*THE TASK*: Could every line of the listing be output exactly, with the pictures skipped?
*** Opening COLLECTED MATERIAL ***
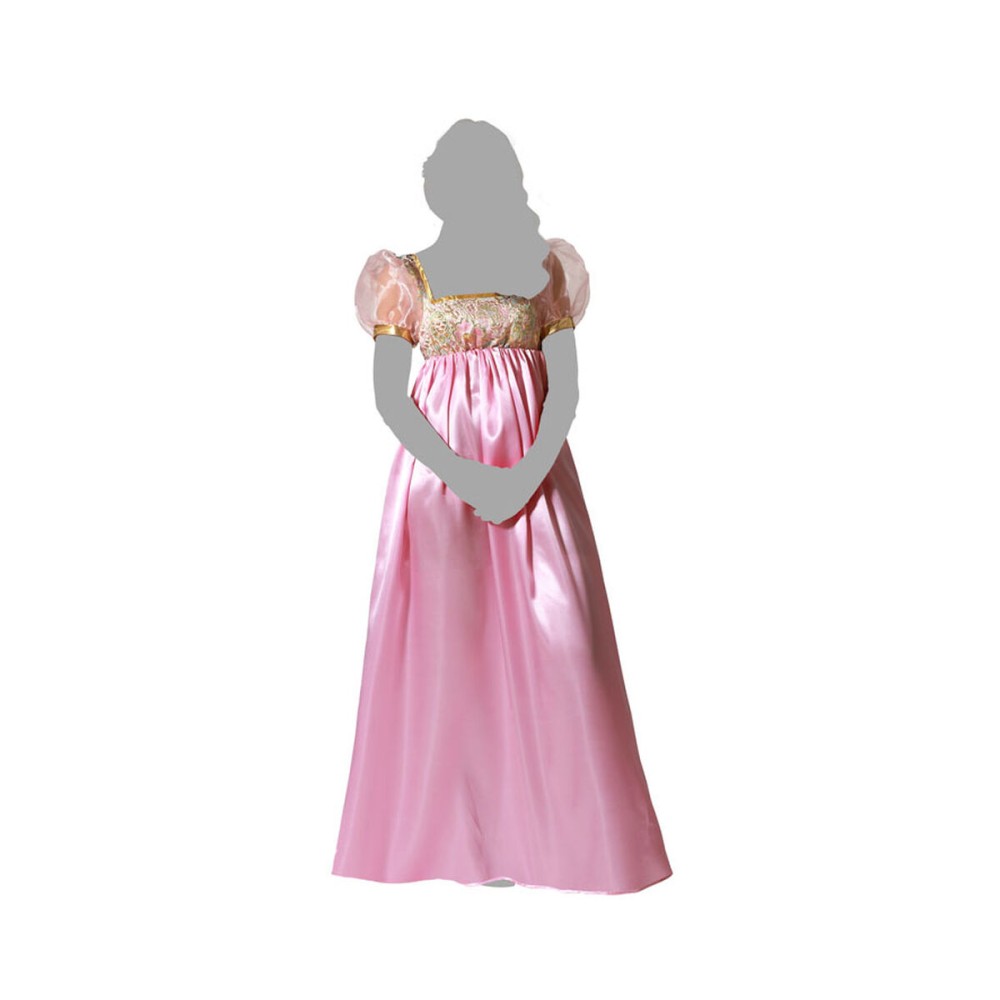 Déguisement pour Adultes Dame Anglaise M/L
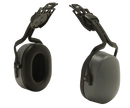 Pyramex Hard Hat Mounted Earmuffs CM6010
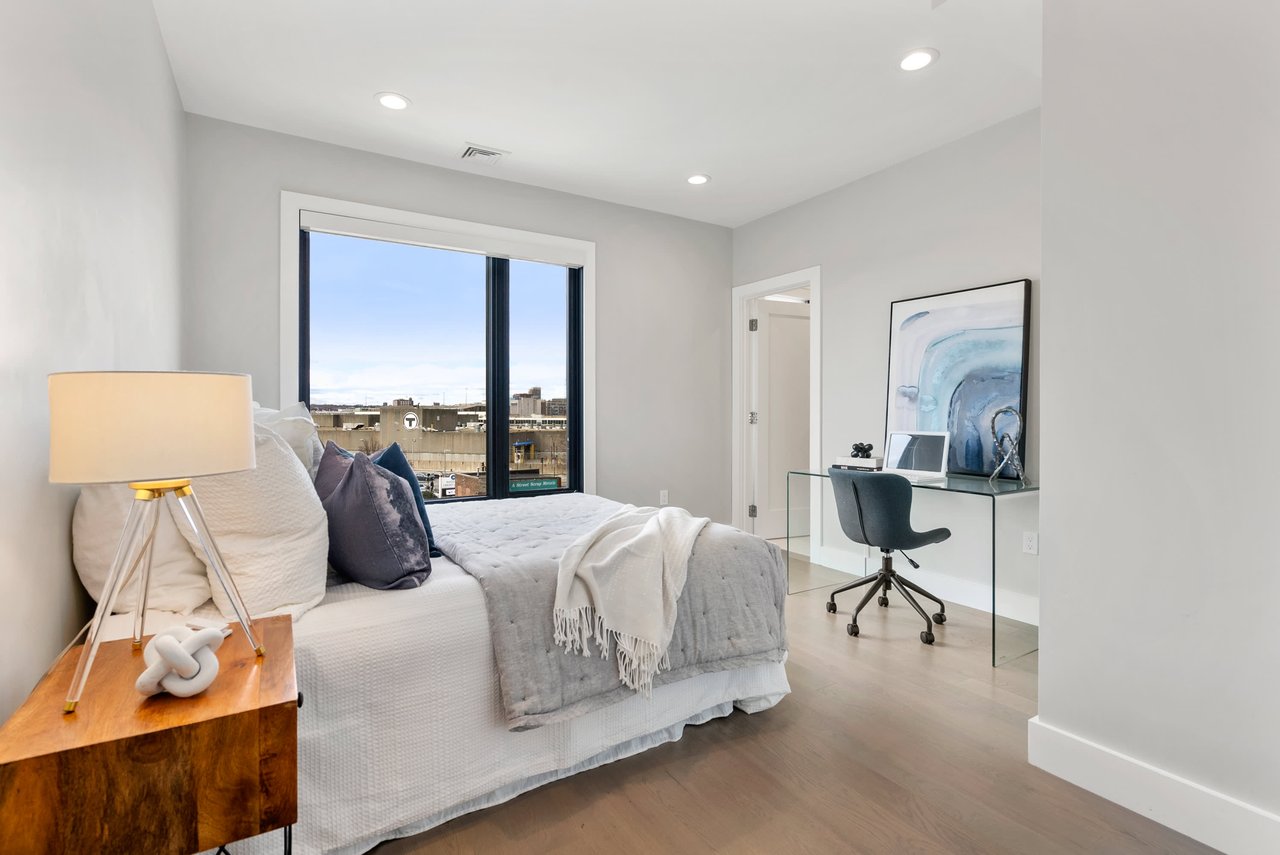 39 A Street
*** Closing COLLECTED MATERIAL ***
*ANSWER SPACE*:
 Déguisement pour Adultes Dame Anglaise M/L
 Pyramex Hard Hat Mounted Earmuffs CM6010
 39 A Street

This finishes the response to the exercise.